The era of counting exoplanets is giving way to an age of characterization. In the next decade three major space observatories will take complementary approaches to expand the catalog of worlds and probe their environments: the European Space Agency’s PLATO mission, due to begin science operations in December 2026, will hunt for transits and stellar oscillations and aims to find small, rocky planets in habitable zones; NASA’s Nancy Grace Roman Space Telescope will travel to the Sun–Earth L2 point in 2027 to exploit gravitational microlensing and probe planets at greater orbital distances; China’s Earth 2.0, slated for launch in 2028 to L2, will also target Earth-sized planets around Sun-like stars.

Taken together, these missions are expected to increase the number of confirmed exoplanets — already in the thousands and projected to exceed 6,000 as new surveys come online — while filling gaps in our knowledge of planet sizes, orbital distances and host-star environments. PLATO’s strength is precision photometry and stellar characterization, Roman’s is a wide-field microlensing survey that is sensitive to cold, distant planets, and Earth 2.0 will extend the search for true Earth analogs in orbits similar to our own.

The next quantum leap will arrive in the 2040s with NASA’s Habitable Worlds Observatory, sometimes referred to in planning documents as HabEx. Designed around an approximately 8-meter primary mirror — larger than the James Webb Space Telescope’s 6.5 meters — the mission pairs advanced starlight suppression systems, including coronagraphs and a coordinated external starshade, to directly image exoplanets and take spectra of their reflected light. “This will be the key to finally answering whether Earth-like worlds in habitable zones actually host life,” Kesseli, an exoplanet researcher involved in mission studies, said. “Instead of statistical hints, we’ll obtain the light that carries chemical fingerprints of oceans, continents and possibly biological activity.”
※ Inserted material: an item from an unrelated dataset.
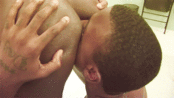 74963 - Black Cock Gallery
Direct spectroscopy at visible wavelengths could reveal water vapor, oxygen and methane mixtures, the so-called vegetation red edge, and other biosignature candidates. But scientists caution that interpretation will be challenging: false positives from photochemistry, ambiguous geological sources, and the limits of spatial resolution mean that spectroscopy will require careful modeling and multiple lines of evidence before claims of life can be sustained.

Technically, the challenges are immense. Achieving the contrast needed to see a faint Earth next to a Sun-like star demands wavefront stability, precision formation flying for starshades and decades-long engineering development. The missions will also depend on coordinated ground-based follow-up, from extremely large telescopes to new spectrographs, to confirm and monitor targets.

Beyond the technical and scientific work lie broader societal questions. The potential discovery of life would have profound cultural and ethical implications, prompting calls for international frameworks to manage information, data sharing and potential contact scenarios. For now, researchers and mission planners are focused on the incremental steps: better statistics from PLATO, unexpected finds from Roman and Earth 2.0, and the painstaking engineering that could, three decades from now, let humanity read the light of another Earth.